Exercise requirements » From the first line to the last, please reproduce the material exactly, skipping the pictures.

Dataset content »
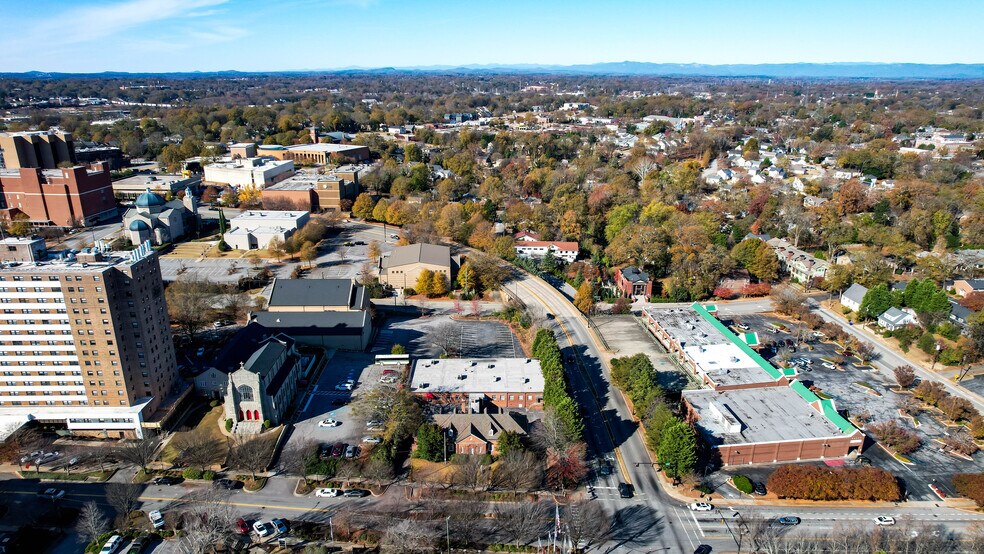 429 N Main St, Greenville, SC à vendre - Photo de l’immeuble – Image 3 sur 56
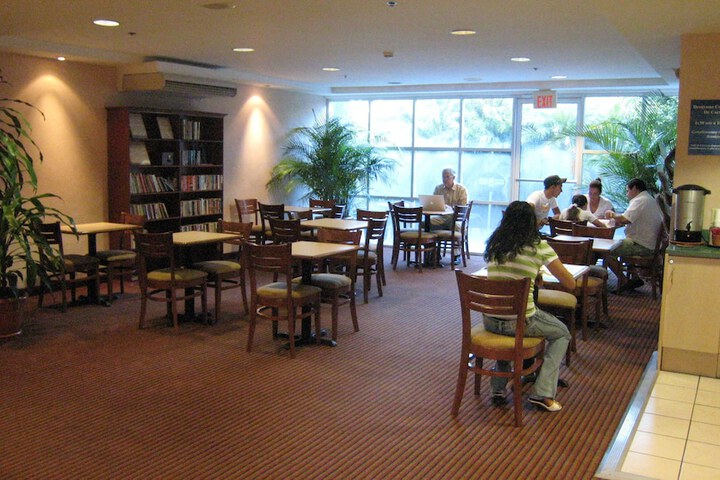 Food court
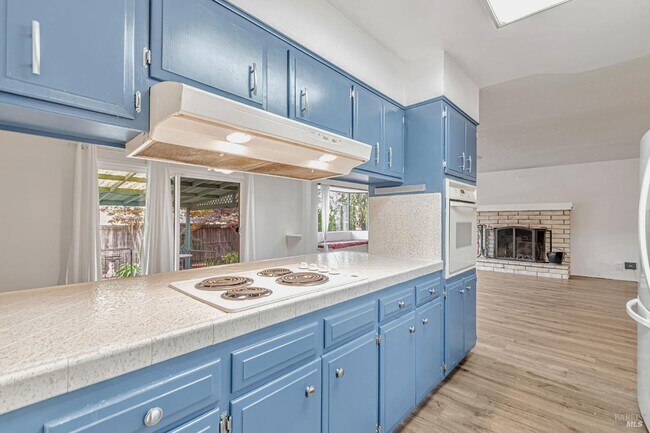 Photo - 1520 Hexem Ave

Written solution »
 429 N Main St, Greenville, SC à vendre - Photo de l’immeuble – Image 3 sur 56
 Food court
 Photo - 1520 Hexem Ave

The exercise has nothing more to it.